While the bias present in any specific experimental reconstruction cannot be determined from this simplified analysis, it is clear that there is a strong risk that bias will accumulate for deeper nodes as the uncertainty of reconstruction at each position becomes higher. In many cases, it accumulates quite rapidly for the ML and MP methods, and much more slowly for the BI approach. Although at some divergence levels, the statistical bias toward thermostability in the ML and MP approaches may be overcome by the accumulation of inaccurately reconstructed compensatory pairs, this does not provide a convincing rationale for using these approaches; a stopped clock will be correct twice a day, but is still useless for keeping time.
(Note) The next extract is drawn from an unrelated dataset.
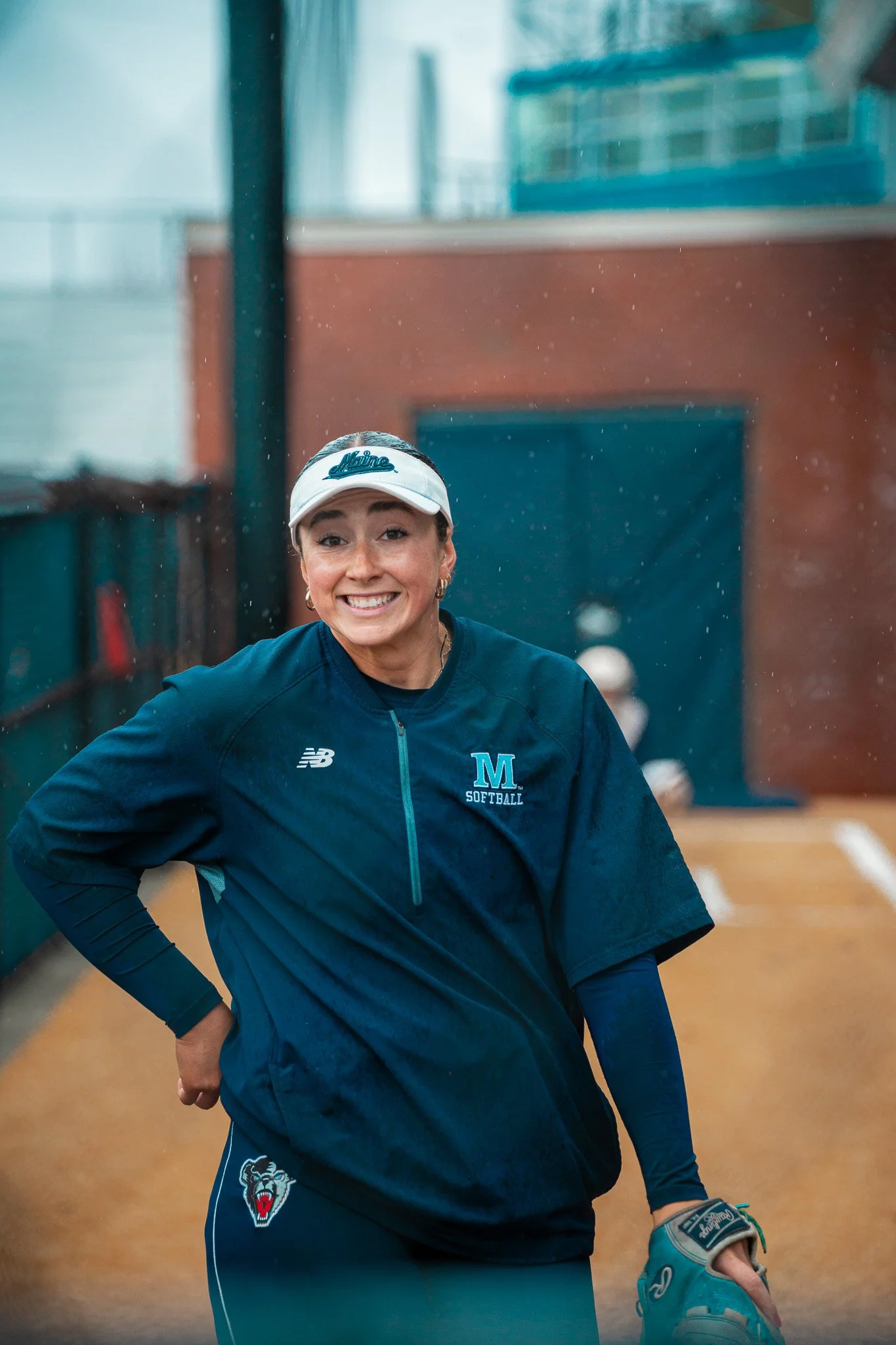 A smiling person wearing a blue softball uniform and white visor with "Maine" written on it, standing on a sports field under a cloudy sky. They are holding a softball glove.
The fundamental question that needs to be asked in reconstruction experiments is whether the property in question has a tendency to associate with low or high frequency variants at any positions in the protein. It appears to us that this is likely to be the case often enough that BI should always be used rather than ML or MP. For example, ligand binding and catalysis may often depend on key highly stable amino acid interactions and would therefore be better predicted by Bayesian sampling from the posterior. Despite the intuitive appeal of getting a “more correct” sequence with ML, we do not have any clear examples where it is preferable to use ML to reconstruct properties. Concerns over increased variability with BI can be addressed by sequencing three to ten variants, depending on resources.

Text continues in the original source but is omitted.